Role of an Exchange: Demystifying Direct Listings

Demystifying direct listings: What a direct listing is and how does it differ from a traditional IPO? We also explore the benefits and risks to companies and investors.

Investors and companies are increasingly learning about different paths to going public. Whether it is a traditional initial public offering (IPO)special purpose acquisition company (SPAC) or direct listing, each route offers unique benefits and risks for companies and investors to consider. Previously, we explored the rising popularity of SPACs and the opportunities they provide. In this article, we aim to demystify direct listings. Before comparing the benefits and risks to companies and investors, let us delve into what a direct listing is and how it differs from a traditional IPO.

What Is a Direct Listing?

Direct listings are an alternative means for a private company to become a publicly-traded company. Traditionally, companies that have been ready to enter the public market have predominately chosen IPOs to go public because it would provide the company with new capital by offering new shares in the public market.

However, new capital may not be essential for companies going public at later stages of their organizational life cycle. Unlike a company going public through an IPO, a company utilizing a direct listing is not offering new shares in the public market. Instead, the company provides liquidity to existing shareholders, including investors and employees, by permitting them to sell their shares in the public market by utilizing a direct listing. Companies choosing a direct listing typically have had no immediate need for additional capital, have a large and diverse shareholder base and are a well-known brand with an easy-to-understand business model. Recent examples of direct listings include Coinbase (COIN) and Spotify (SPOT).

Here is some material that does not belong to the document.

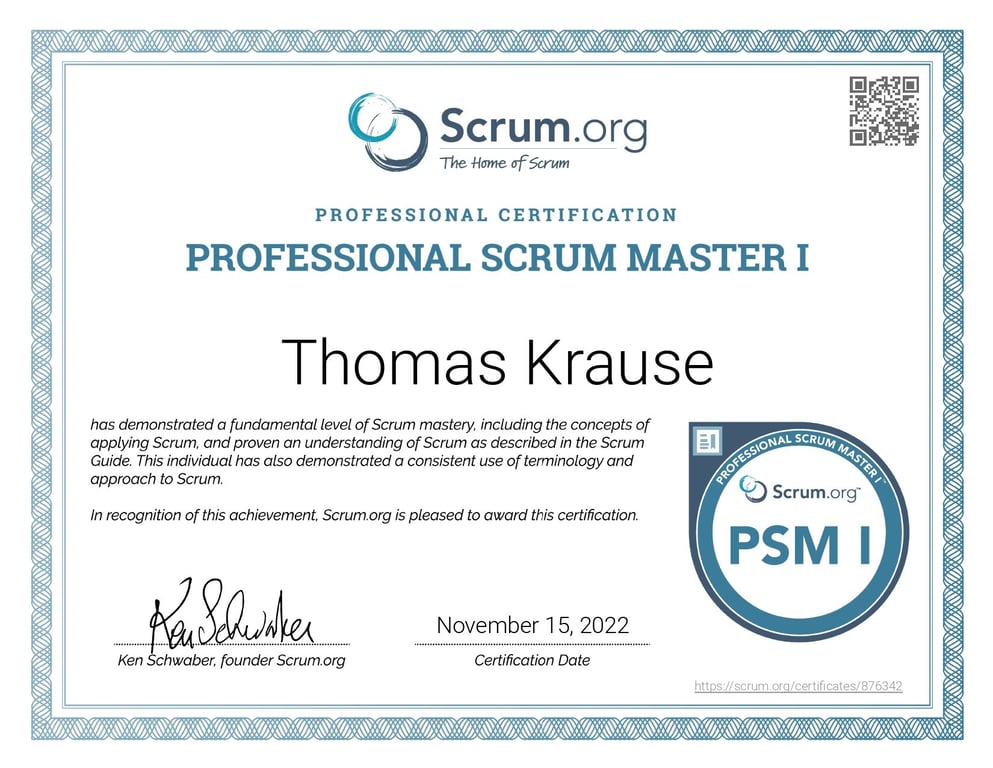 Certificate - Professional Scrum Master I - Thomas Krause
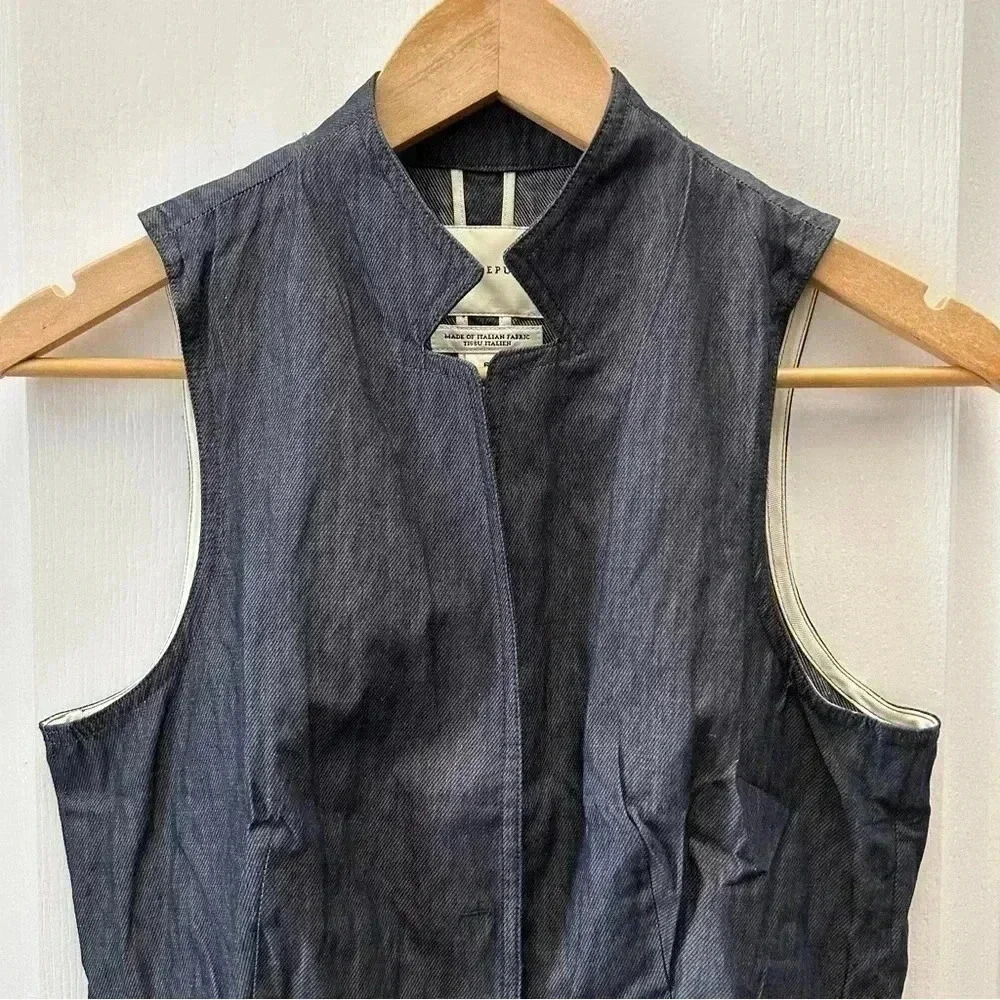 Banana Republic Vest Tailored Ruffle Italian Cotton Sleeveless Blue Size 6 NWT - Picture 5 of 16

The Benefits and Risks of Direct Listings

Both Nasdaq and the New York Stock Exchange offer companies the ability to raise capital in connection with a direct listing. This allows companies who need to raise capital immediately to benefit from the price discovery process of a direct listing while combining it with a capital-raising event.

That said, it contains unique risks around the price range within the prospectus. For example, if the opening price on its first trading day is outside of the price range on the prospectus, the company must amend the prospectus and open on another day. This is a current impediment that could cost companies time and money. Nasdaq has recently proposed one solution to this issue that would increase the price range that a company can open at.

Key Takeaways

Along with SPACs and traditional IPOs, direct listings provide companies with a path to going public on a U.S. exchange. Direct listings, like IPOs or SPACs, are subject to all of the applicable regulations of the Securities Act of 1933, the Exchange Act of 1934, and listing rules of the company’s exchange. However, each path to going public contains unique benefits and risks that investors and companies should consider carefully prior to going public. 

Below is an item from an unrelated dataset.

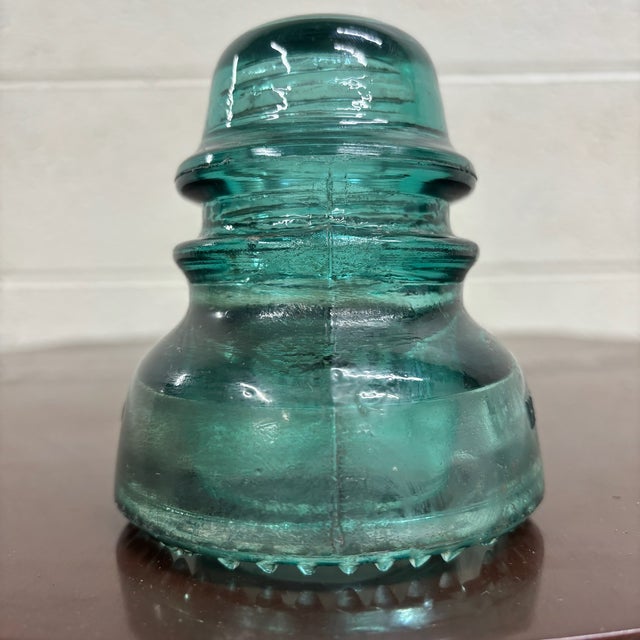 Antique Hemingray 40 Teal Glass Insulator For Sale - Image 4 of 6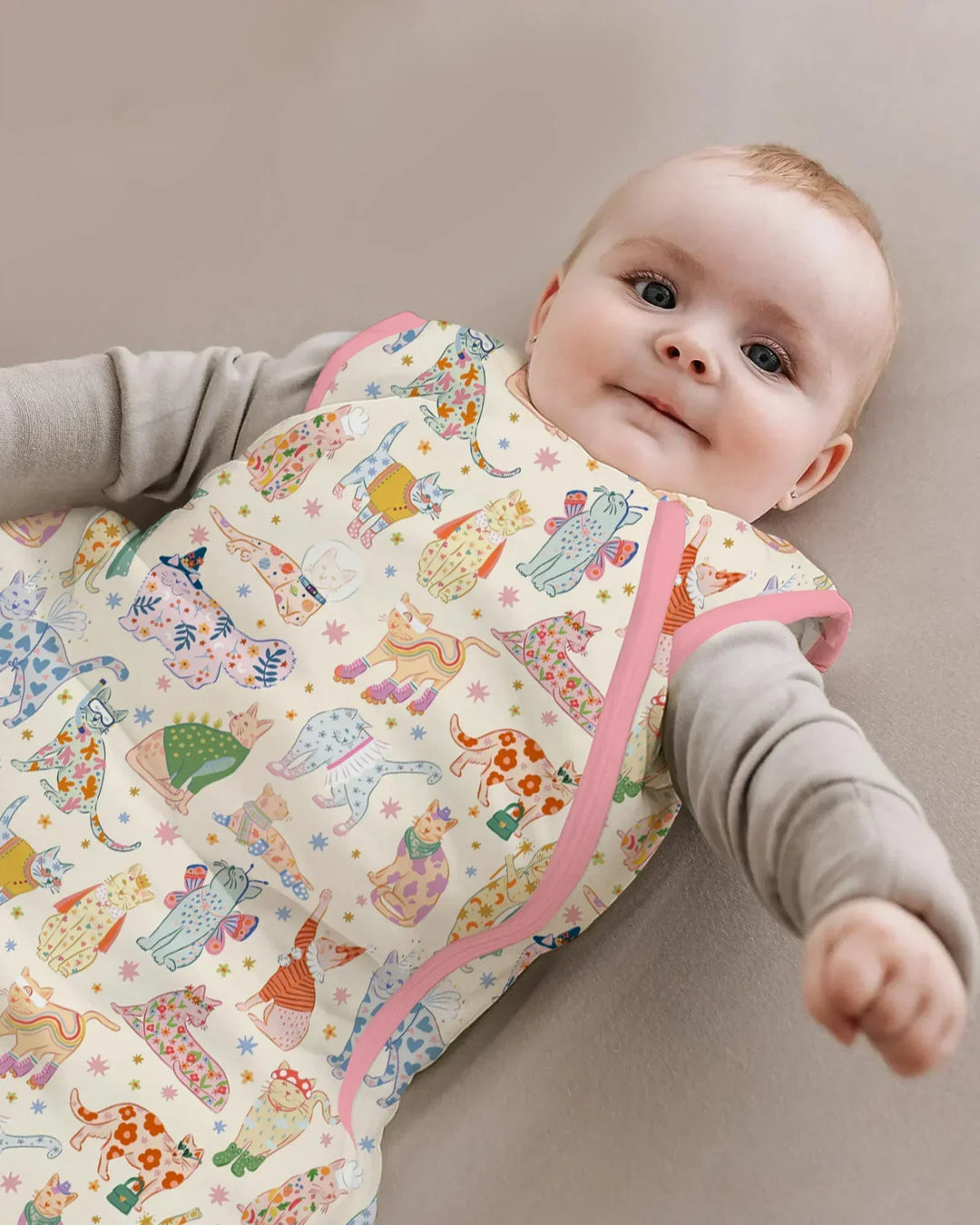Whimsical Cat Parade Bamboo Sleep Bag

Information is provided for educational purposes only. The content does not attempt to examine all the facts and circumstances which may be relevant to any particular company, industry, strategy or security mentioned herein and nothing contained herein should be construed as legal or . Nasdaq does not recommend or endorse any securities offering; you are urged to read the company’s SEC filings, undertake your own due diligence and carefully evaluate any companies before investing. ADVICE FROM A SECURITIES PROFESSIONAL IS STRONGLY ADVISED.

The views and opinions expressed herein are the views and opinions of the author and do not necessarily reflect those of Nasdaq, Inc.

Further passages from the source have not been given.